Nato a Rimini, laureato in ingegneria civile al Politecnico di Milano nel 1971, Gorini prima di arrivare a Expo è stato direttore infrastrutture a Sea, la società che gestisce gli aeroporti milanesi. Aveva precedentemente ricoperto i ruoli di direttore centrale di Italstrade, direttore divisione grandi lavori Italia alla Coop Edilter di Bologna, direttore generale del Comune di Reggio Emilia e manager alla Regione Emilia-Romagna.

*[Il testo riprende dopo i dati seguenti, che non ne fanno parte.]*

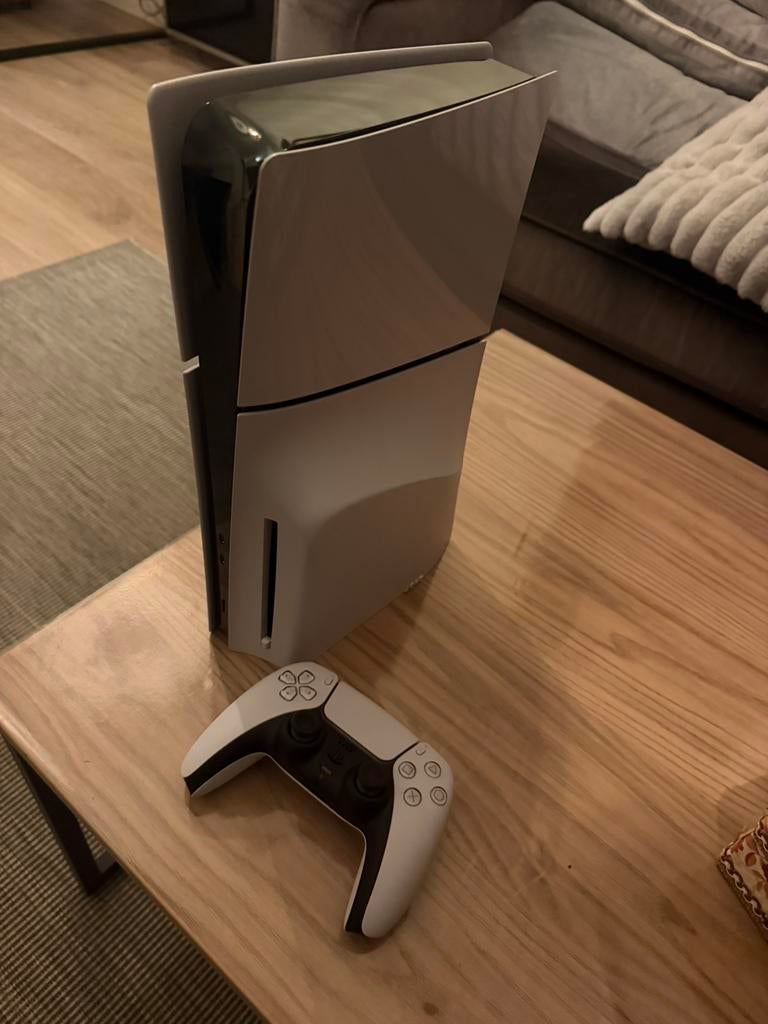 Playstation Slim 5 Disc + controller, Spelcomputers en Games, Spelcomputers | Sony PlayStation 5, Ophalen, Zo goed als nieuw, Playstation 5
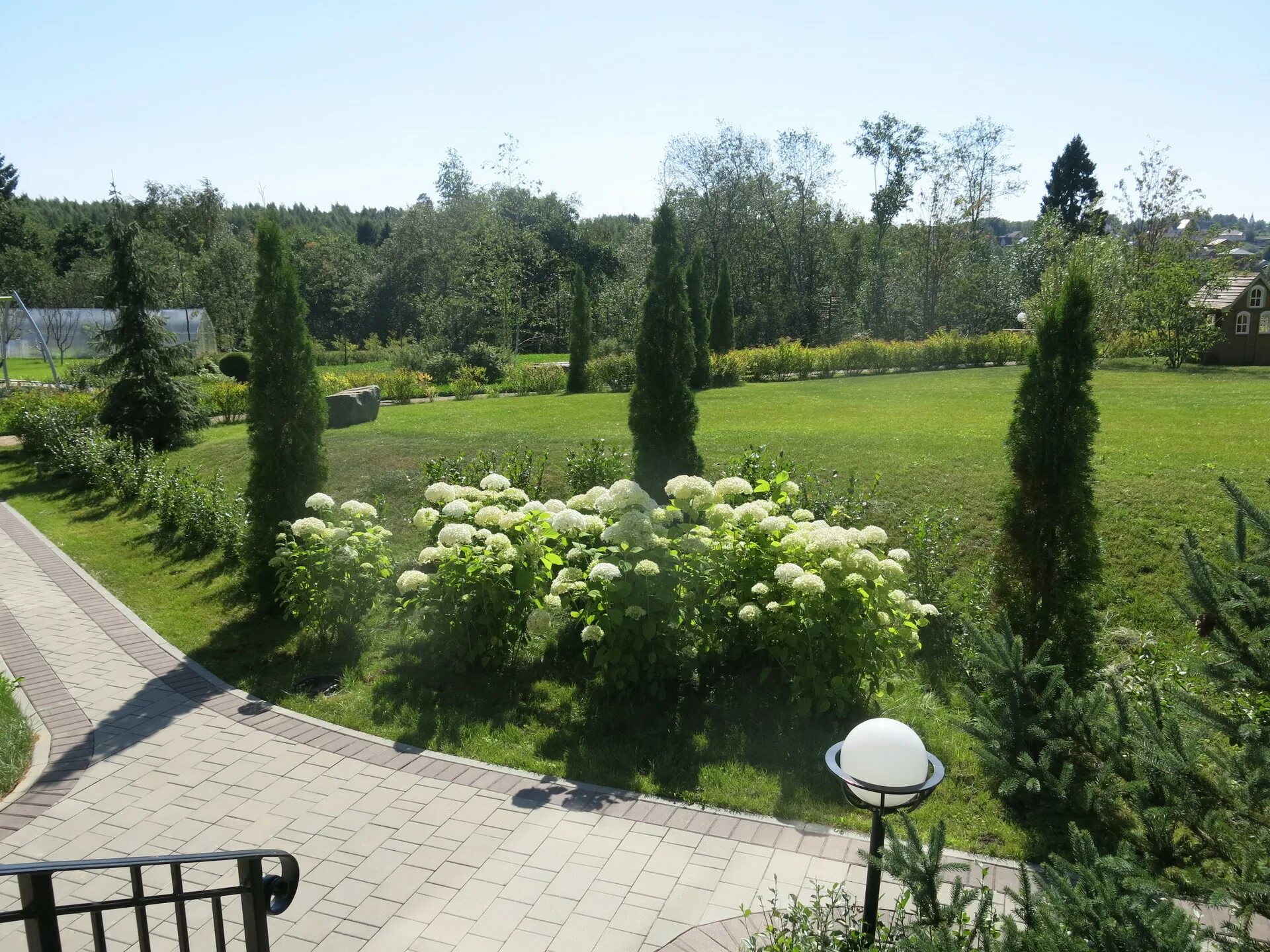 Истра мансурово. Мансурово истринский район. Мансурово церковь николая чудотворца. Истра мансурово. Храм святителю николаю мансурово истринский район.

Oggi collabora a un sito che sostiene Matteo Renzi, in cui nel 2013 (due anni dopo la sua uscita da Expo) ha scritto anche un intervento che racconta come il progetto iniziale dell’evento sia via via cambiato (o addirittura snaturato). “Il concept del sito, elaborato nel 2009 da cinque architetti di fama internazionale, Stefano Boeri che ne era anche il coordinatore, l’inglese Ricky Burdett, il catalano Joan Busquets, lo svizzero Jacques Herzog e l’americano William Mc Donough, conteneva una serie interessante d’indicazioni, in buona parte non attuate. Il primo ad abbandonare la partita è stato Busquets, che sperava di realizzare una radicale trasformazione urbanistica di una zona cruciale e critica per Milano. La progettazione intervenuta affronta questi temi in modo molto parziale”, continua Gorini, “come non risolve il problema del futuro utilizzo dell’area, rinviandolo a una data imprecisata, contrariamente a quanto aveva fatto Burdett per le Olimpiadi di Londra; che aveva dato luogo prima alla progettazione delle destinazioni future e condizionato poi a esse le opere dell’evento. Il terzo disatteso è stato McDonough, che voleva fare in Expo un’applicazione della teoria from cradle to cradle, per la quale ogni oggetto e ogni opera vanno progettati tenendo conto del loro riutilizzo o del loro riciclo, usando i materiali più utili per questo scopo. Di questo, nei progetti esecutivi, restano poche tracce”. Conclude Gorini: “Anche le teorie di Boeri si sono perse. L’architetto milanese vedeva in Expo l’opportunità di sperimentare l’agricoltura di prossimità come strumento per riqualificare la città. Ma quest’idea si è scontrata con l’esigenza di valorizzare le aree in un’ottica diversa, probabilmente immobiliare”. È quanto è successo e sta succedendo. E per le operazioni immobiliari, Paris era la persona giusta.